### COLLECTED MATERIAL:
━━━━

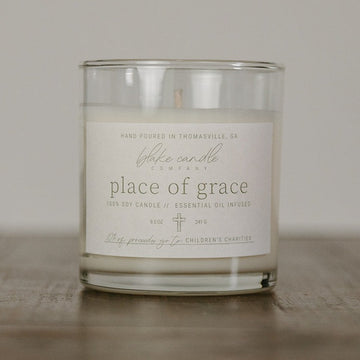 Place of Grace Candle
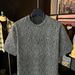 Premium Men's Short Sleeve T-Shirt High Elasticity Breathable Versatile New Arrival 2024 with Small Label Design High End_viptrois.com
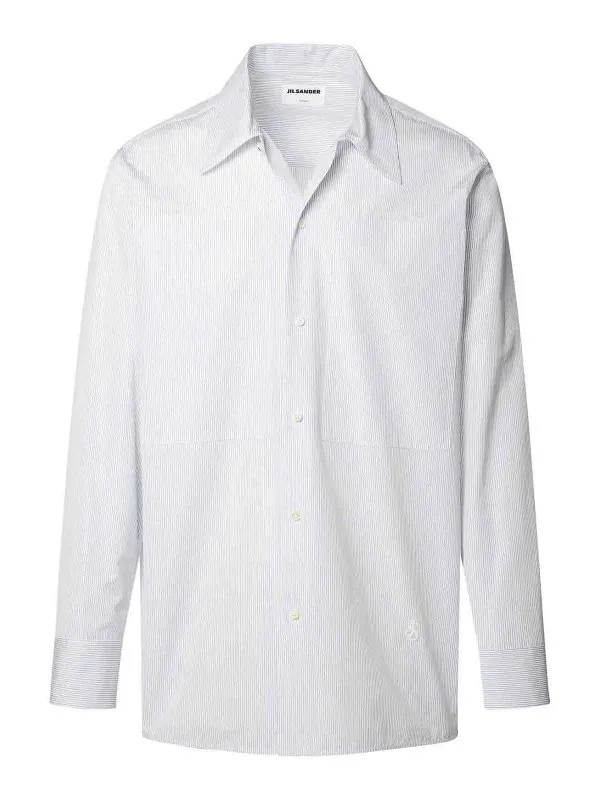 Jil Sander Chemise - Blanc - Blanc - Homme | J24DL0104J45175154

━━━━

A faithful copy of all the lines above is needed, with the pictures omitted.

### EXERCISE SOLUTION:
 Place of Grace Candle
 Premium Men's Short Sleeve T-Shirt High Elasticity Breathable Versatile New Arrival 2024 with Small Label Design High End_viptrois.com
 Jil Sander Chemise - Blanc - Blanc - Homme | J24DL0104J45175154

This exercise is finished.